» Instructions to follow
The output should contain the listing word for word and no pictures.

» Information supplied
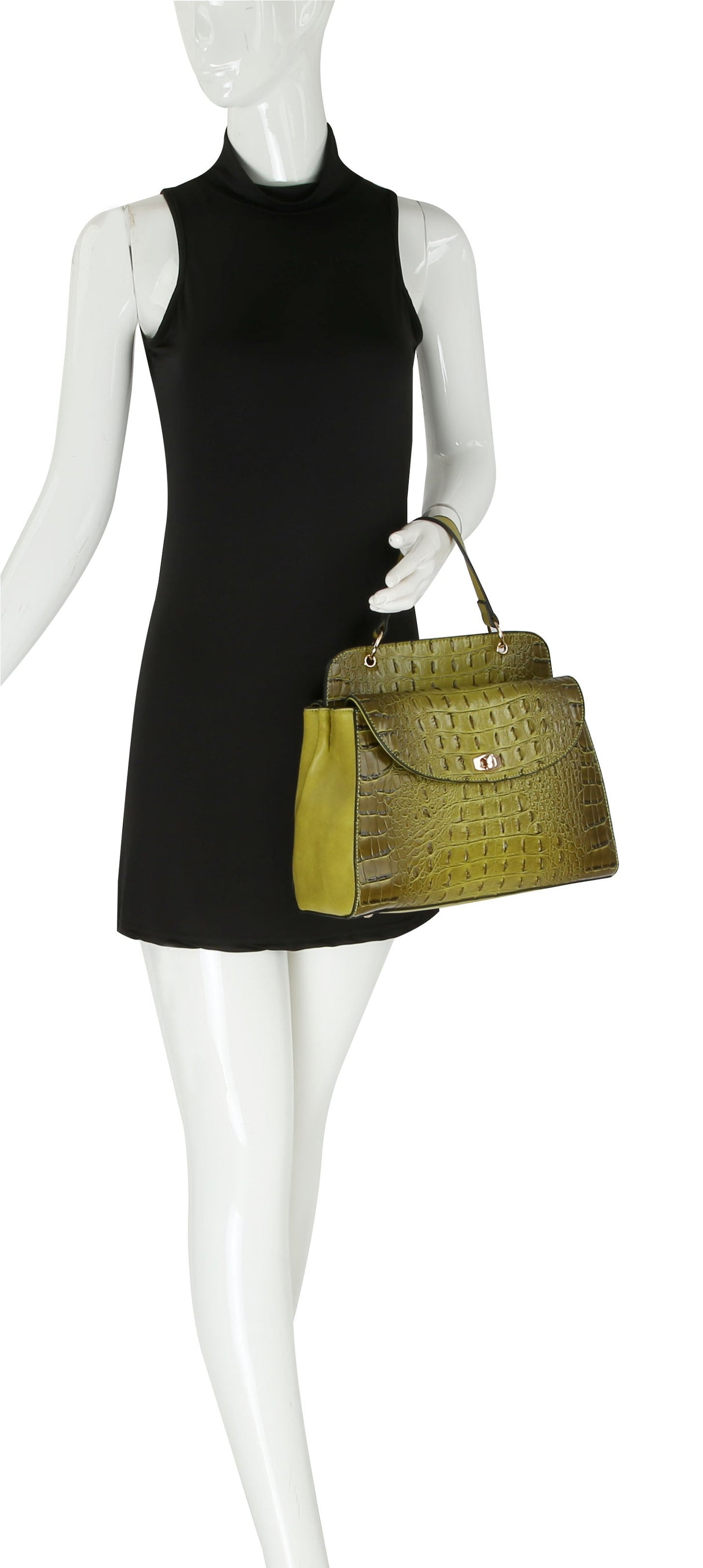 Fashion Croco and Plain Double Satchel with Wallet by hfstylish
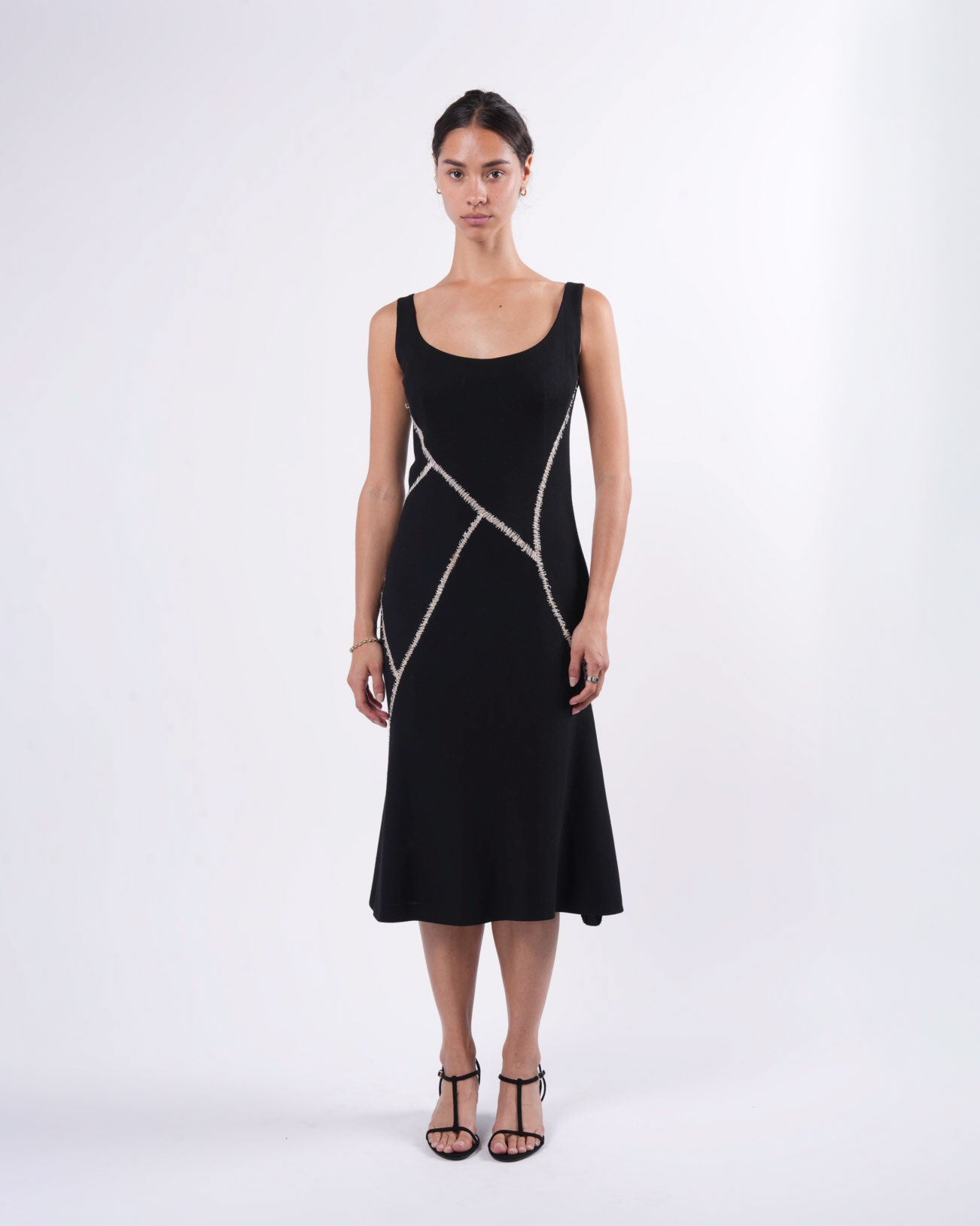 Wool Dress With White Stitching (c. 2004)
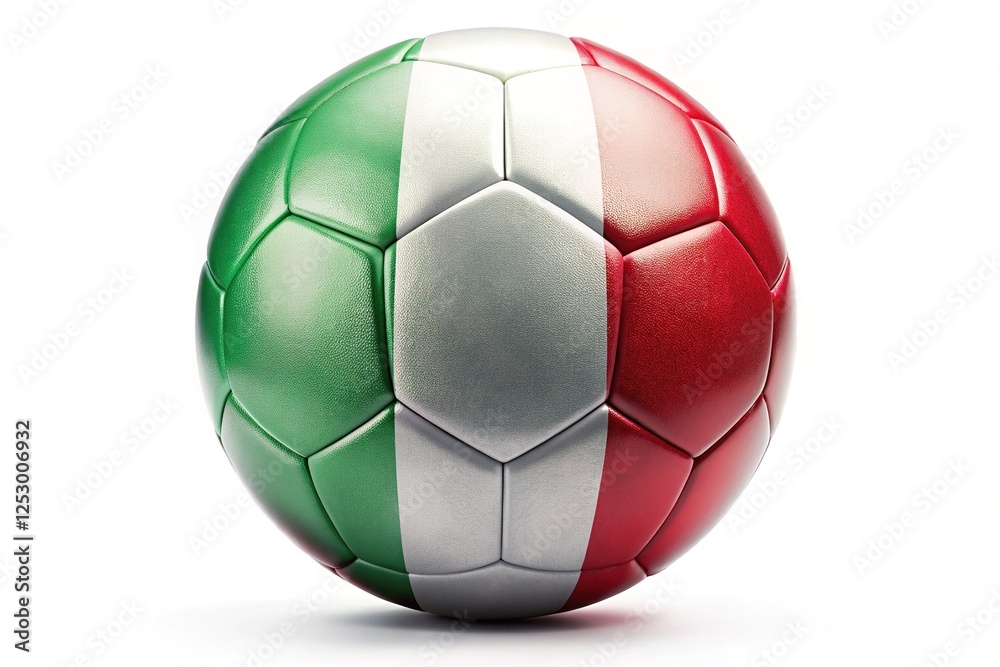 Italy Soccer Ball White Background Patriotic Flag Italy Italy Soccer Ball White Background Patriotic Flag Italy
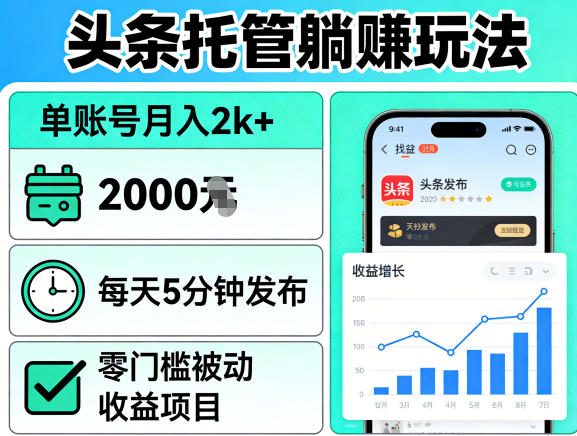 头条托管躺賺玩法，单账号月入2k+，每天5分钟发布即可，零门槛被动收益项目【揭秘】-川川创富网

» Written solution
 Fashion Croco and Plain Double Satchel with Wallet by hfstylish
 Wool Dress With White Stitching (c. 2004)
 Italy Soccer Ball White Background Patriotic Flag Italy Italy Soccer Ball White Background Patriotic Flag Italy
 头条托管躺賺玩法，单账号月入2k+，每天5分钟发布即可，零门槛被动收益项目【揭秘】-川川创富网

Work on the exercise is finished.